Si uno establece una relación con el
árbol, entonces está relacionado con la humanidad. Uno es
responsable, entonces, por ese árbol y por los árboles del mundo. Pero si uno
no se relaciona con las cosas vivientes de esta tierra, puede perder toda
relación con la humanidad, con los seres humanos. Nosotros nunca observamos
profundamente la cualidad de un árbol; nunca lo tocamos realmente sintiendo su
solidez, su áspera corteza, ni escuchamos el sonido que es parte del árbol. No
el sonido del viento entre las hojas, ni el de la brisa que en la mañana agita
el follaje, sino el sonido propio del árbol, el sonido del tronco y el silencioso
sonido de las raíces. Uno tiene que ser extraordinariamente sensible para
escuchar el sonido. Este sonido no es el ruido del mundo, ni el ruido del
parloteo mental, ni el de la vulgaridad de las disputas humanas y del conflicto
humano, sino el sonido como parte del universo.
Es extraño que tengamos tan poca
relación con la naturaleza, con los insectos, con la rana saltarina, con el
búho que ulula entre los cerros llamando a su pareja.
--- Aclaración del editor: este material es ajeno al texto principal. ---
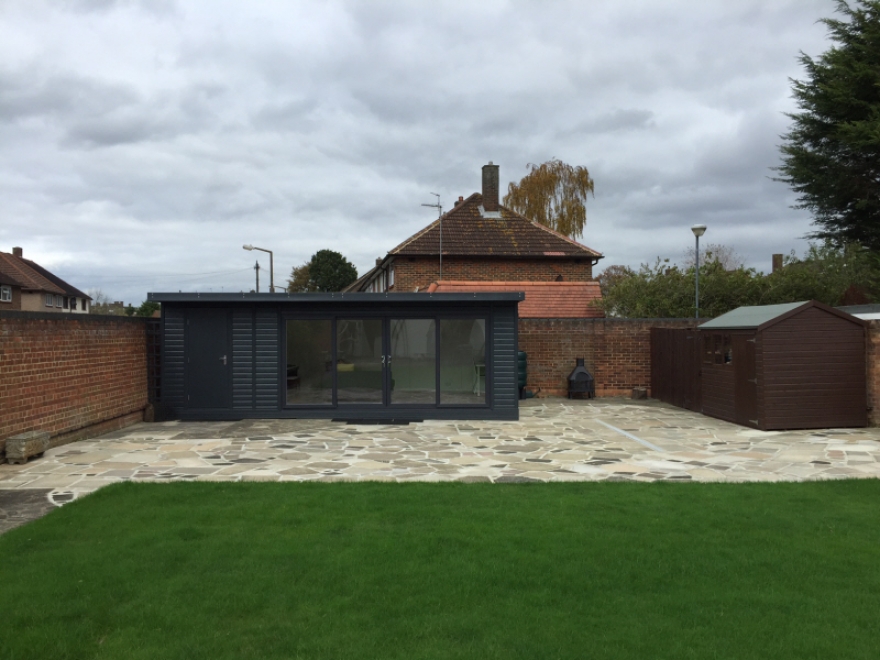 Stunning garden room with UPVC sliding doors precisely colour matched to the exterior timber cladding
Parece que nunca
experimentamos sentimiento alguno por todas las cosas vivientes de la tierra.
Si pudiéramos establecer una profunda y duradera relación con la naturaleza,
jamás mataríamos un animal para satisfacer nuestro apetito, jamás haríamos daño
a un mono, a un perro o a un conejillo de Indias practicando en ellos la
vivisección para nuestro propio beneficio. Encontraríamos otros medios para
curar nuestras heridas, nuestros cuerpos.
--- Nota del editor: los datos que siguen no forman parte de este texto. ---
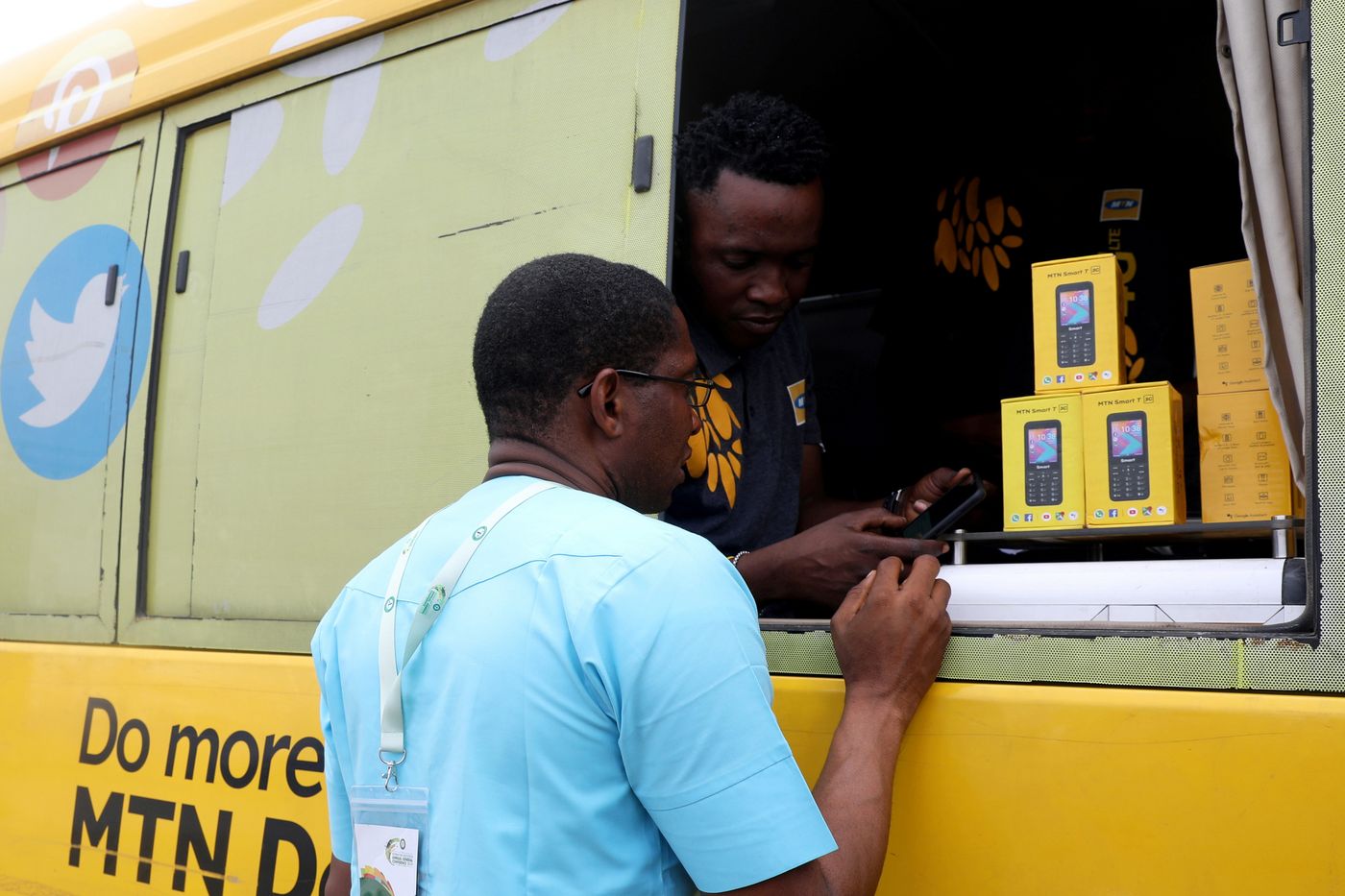 An MTN customer care staff attends to a client in an MTN service bus in Lagos, Nigeria August 28, 2019.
Pero la curación de la mente es algo
por completo distinto. Esa curación tiene lugar gradualmente si uno está con
la naturaleza, con esa naranja en el árbol, con la brizna de hierba que empuja
a través del cemento, con los cerros cubiertos, ocultos por las nubes.
Esto no es
sentimentalismo ni imaginación romántica, sino la realidad de una relación con
todo cuanto vive y se mueve sobre la tierra. El hombre ha matado millones de
ballenas y aún las sigue matando. Todo lo que obtenemos de esa matanza
podríamos obtenerlo por otros medios. Pero al parecer el hombre gusta de matar
cosas; mata al ciervo veloz, a la maravillosa gacela y al gran elefante. Nos
gusta matarnos los unos a los otros. Este matar a otros seres humanos jamás ha
cesado a lo largo de toda la historia de la vida del hombre sobre la tierra. Si
pudiéramos ‑y tenemos que hacerlo- establecer una profunda y perdurable
relación con la naturaleza, con los árboles reales, los arbustos, las flores,
la hierba y las rápidas nubes, entonces jamás mataríamos a otro ser humano por
ninguna razón. La guerra es el asesinato organizado, y aunque nos manifestemos
contra una guerra en particular ‑la guerra nuclear o cualquier otro tipo de
guerra- jamás nos hemos manifestado contra la guerra en sí. Jamás hemos dicho
que matar a otro ser humano es el más grande pecado de la tierra.